[Short descriptive text snippets]

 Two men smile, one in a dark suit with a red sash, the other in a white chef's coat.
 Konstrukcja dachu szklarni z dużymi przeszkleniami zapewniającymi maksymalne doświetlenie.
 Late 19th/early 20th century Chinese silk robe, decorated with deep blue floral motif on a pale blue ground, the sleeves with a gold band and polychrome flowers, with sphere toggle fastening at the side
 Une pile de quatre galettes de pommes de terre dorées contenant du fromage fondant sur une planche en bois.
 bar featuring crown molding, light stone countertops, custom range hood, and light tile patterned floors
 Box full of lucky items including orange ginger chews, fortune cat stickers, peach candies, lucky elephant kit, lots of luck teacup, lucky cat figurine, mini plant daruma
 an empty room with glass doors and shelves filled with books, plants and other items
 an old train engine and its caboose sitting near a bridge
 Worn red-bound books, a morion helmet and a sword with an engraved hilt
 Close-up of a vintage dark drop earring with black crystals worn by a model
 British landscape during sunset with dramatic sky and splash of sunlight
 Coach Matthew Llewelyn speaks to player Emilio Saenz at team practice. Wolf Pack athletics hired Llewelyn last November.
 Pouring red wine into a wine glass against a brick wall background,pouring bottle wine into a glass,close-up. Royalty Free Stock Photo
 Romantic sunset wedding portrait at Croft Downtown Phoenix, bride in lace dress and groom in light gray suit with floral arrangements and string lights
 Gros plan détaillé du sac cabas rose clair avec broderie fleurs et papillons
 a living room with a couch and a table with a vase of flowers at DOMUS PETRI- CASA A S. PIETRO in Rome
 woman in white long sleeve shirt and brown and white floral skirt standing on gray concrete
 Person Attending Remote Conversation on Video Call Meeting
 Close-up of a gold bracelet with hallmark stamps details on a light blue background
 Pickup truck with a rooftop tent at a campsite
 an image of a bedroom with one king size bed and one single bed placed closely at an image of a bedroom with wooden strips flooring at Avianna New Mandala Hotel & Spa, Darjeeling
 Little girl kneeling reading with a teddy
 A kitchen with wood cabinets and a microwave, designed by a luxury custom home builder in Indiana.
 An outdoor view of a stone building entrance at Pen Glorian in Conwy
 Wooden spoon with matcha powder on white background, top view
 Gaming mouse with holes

-- What the exercise asks --
State the number of lines in the records that include the string "custom", without any other words.

-- Your solution --
2